----- GIVEN INFORMATION -----
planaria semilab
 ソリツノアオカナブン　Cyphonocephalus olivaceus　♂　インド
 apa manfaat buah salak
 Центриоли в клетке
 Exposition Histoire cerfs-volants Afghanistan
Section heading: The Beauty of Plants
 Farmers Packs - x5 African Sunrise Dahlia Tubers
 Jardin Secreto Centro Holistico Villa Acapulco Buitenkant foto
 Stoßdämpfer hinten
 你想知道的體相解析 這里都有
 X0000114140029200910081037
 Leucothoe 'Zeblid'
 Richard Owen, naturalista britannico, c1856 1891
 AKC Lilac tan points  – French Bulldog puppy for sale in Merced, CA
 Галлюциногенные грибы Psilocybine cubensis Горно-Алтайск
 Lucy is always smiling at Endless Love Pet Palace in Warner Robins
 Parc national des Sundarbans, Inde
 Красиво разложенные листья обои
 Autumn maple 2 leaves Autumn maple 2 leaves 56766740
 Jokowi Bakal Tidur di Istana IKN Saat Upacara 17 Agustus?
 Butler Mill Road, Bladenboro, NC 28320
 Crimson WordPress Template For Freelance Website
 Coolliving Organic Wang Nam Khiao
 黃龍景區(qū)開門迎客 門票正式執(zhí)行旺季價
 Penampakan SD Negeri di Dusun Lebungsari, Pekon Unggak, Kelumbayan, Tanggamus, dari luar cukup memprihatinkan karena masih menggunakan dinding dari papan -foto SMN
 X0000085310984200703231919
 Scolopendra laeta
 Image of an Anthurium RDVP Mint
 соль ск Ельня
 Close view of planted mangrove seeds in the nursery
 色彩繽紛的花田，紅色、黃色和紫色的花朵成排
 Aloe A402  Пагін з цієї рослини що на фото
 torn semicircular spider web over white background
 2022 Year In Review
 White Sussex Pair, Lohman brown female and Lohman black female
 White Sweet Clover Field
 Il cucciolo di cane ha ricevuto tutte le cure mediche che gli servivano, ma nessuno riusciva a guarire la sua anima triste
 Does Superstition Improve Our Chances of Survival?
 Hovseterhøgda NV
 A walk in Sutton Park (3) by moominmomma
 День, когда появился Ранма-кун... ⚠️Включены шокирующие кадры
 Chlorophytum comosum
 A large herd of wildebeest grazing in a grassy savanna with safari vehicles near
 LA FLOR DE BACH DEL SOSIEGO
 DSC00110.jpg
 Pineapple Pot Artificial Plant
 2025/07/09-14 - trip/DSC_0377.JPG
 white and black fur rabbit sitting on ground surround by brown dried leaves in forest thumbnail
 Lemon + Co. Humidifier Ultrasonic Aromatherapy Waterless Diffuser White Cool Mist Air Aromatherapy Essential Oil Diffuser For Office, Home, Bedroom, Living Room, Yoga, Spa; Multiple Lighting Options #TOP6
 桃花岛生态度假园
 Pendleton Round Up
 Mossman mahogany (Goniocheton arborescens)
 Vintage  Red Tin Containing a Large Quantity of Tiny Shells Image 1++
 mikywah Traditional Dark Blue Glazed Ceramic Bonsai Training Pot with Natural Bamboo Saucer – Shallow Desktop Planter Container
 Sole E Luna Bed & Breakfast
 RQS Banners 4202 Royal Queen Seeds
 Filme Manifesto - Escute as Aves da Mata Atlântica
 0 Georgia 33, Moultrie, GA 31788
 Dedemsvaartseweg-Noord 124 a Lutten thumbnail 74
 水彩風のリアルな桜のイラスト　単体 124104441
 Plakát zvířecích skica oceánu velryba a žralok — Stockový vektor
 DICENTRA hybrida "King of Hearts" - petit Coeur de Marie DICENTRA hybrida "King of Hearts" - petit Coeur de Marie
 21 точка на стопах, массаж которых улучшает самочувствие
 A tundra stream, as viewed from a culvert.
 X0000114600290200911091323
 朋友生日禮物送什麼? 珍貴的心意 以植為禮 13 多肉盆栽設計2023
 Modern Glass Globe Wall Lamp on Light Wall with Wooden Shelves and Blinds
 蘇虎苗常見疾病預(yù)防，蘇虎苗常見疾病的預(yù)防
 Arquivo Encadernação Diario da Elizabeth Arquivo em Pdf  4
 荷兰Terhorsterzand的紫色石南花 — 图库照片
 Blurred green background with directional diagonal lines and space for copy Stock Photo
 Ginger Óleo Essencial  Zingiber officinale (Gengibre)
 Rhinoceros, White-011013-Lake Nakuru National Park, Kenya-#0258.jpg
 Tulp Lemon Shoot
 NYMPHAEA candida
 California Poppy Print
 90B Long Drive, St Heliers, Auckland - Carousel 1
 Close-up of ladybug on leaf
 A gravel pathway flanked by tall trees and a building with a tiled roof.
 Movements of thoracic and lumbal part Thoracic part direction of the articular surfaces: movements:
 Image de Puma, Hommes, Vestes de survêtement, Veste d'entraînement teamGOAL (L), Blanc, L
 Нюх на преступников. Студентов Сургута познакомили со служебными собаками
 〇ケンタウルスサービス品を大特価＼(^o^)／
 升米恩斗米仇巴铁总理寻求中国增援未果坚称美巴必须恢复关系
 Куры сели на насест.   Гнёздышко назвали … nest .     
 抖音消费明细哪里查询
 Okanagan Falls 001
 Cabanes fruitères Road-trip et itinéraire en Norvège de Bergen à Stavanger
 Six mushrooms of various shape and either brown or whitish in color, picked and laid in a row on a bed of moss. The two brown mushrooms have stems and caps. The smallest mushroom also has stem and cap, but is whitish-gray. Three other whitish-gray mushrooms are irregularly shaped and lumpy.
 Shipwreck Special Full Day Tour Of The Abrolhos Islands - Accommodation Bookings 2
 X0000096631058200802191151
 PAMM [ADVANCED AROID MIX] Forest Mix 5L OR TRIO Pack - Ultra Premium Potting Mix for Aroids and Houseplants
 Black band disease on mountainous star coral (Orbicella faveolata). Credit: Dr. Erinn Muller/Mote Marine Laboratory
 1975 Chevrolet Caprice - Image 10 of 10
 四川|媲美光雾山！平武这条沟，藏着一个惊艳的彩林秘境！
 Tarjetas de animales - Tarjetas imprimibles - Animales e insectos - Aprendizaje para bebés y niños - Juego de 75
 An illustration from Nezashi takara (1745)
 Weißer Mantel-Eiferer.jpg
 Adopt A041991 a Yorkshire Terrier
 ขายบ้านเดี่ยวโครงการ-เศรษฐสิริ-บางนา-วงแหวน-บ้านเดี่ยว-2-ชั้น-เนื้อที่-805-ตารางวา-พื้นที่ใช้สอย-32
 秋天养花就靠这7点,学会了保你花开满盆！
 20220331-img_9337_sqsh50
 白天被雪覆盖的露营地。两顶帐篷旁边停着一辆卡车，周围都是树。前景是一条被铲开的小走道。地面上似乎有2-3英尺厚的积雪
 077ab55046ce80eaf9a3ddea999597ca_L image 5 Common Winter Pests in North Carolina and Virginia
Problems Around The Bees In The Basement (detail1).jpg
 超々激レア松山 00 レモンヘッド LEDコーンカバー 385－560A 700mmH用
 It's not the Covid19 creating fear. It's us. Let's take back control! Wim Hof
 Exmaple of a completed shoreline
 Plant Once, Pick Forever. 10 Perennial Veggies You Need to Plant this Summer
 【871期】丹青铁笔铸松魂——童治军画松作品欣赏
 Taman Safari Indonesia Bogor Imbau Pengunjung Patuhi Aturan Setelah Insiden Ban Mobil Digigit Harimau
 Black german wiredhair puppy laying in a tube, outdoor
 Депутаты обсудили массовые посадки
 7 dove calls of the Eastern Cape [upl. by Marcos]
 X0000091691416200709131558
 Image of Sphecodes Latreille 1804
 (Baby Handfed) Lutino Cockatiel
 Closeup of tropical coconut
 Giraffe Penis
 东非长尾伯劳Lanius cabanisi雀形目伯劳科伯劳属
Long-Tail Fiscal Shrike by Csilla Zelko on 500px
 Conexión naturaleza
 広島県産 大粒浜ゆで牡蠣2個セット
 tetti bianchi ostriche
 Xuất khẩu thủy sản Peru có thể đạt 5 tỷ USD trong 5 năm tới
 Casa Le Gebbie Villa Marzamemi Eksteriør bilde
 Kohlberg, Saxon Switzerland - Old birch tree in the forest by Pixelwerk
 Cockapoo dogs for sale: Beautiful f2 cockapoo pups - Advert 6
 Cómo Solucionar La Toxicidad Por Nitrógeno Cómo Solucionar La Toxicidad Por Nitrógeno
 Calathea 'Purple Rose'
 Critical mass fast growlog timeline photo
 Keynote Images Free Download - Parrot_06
-----
WHAT TO DO: Read through the records above and copy the lines that contain "Road".

FINAL ANSWER:
 Butler Mill Road, Bladenboro, NC 28320
 Cabanes fruitères Road-trip et itinéraire en Norvège de Bergen à Stavanger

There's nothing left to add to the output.